Closed Disty0 closed 3 years ago
is tensorflow-rocm still current? the patches should have been upstreamed last year: https://medium.com/tensorflow/community-supported-amd-rocm-build-for-tensorflow-e8e9ac258369
I've been trying to figure this out on ubuntu https://ninethehacker.xyz/journal/tensorflow-rocm-pop-os
It says on this repo's readme that currently tensorflow does not detect rocm. I have a similar setup to @Disty0 and I can't use tensorflow with rocm either, although I tested another python project (numba I think) and it detects everything.
Also, I would like to contribute to this project.
@Disty0 can you post the exact error you are receiving or some backtrace to help debug.
@Nine-H From what I understand tensorflow-rocm
on pypi is the package maintained by AMD ROCm themselves. Here is the source for it: https://github.com/ROCmSoftwarePlatform/tensorflow-upstream
Basically AMD will push their ROCm changes out to that pypi package as well as upstreaming their code to the official tensorflow repo. The repo linked is still very active with the pypi package last updated on June 4 to coincide with TF 2.2.0 release.
@fernandoblalves we welcome all contributions. Right now we really want to get python-pytorch-rocm
and python-tensorflow-rocm
PKGBUILDs working.
Overall tho, just take a look at our issues and pick one that you can reproduce and start debugging/hacking away.
@acxz I've been tinkering with this repo when I have some time and managed to advance the build, but now I'm getting stuck with this error:
ERROR: /home/fernando/.cache/bazel/_bazel_fernando/c7b7a3ee105d2ad7219f67f83b1c994b/external/upb/BUILD:57:11: C++ compilation of rule '@upb//:upb' failed (Exit 1)

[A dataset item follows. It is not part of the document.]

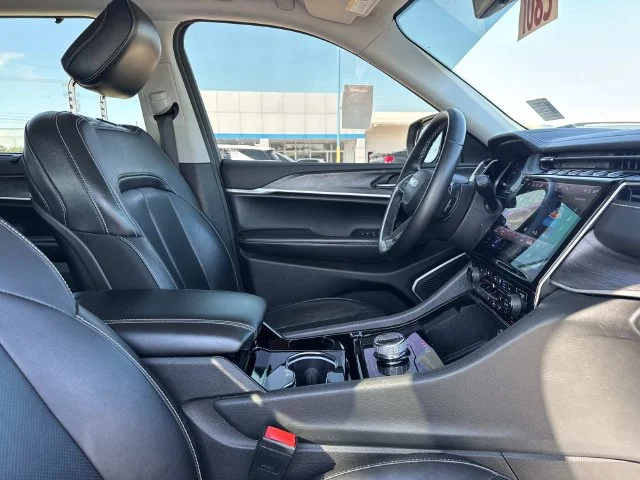 Used 2022 Black Jeep Limited image 25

In file included from /usr/include/string.h:495,
from external/upb/upb/upb.h:16,
from external/upb/upb/upb.c:2:
In function 'strncpy',
inlined from 'upb_status_seterrmsg' at external/upb/upb/upb.c:40:3:
/usr/include/bits/string_fortified.h:106:10: error: '__builtin_strncpy' specified bound 127 equals destination size [-Werror=stringop-truncation]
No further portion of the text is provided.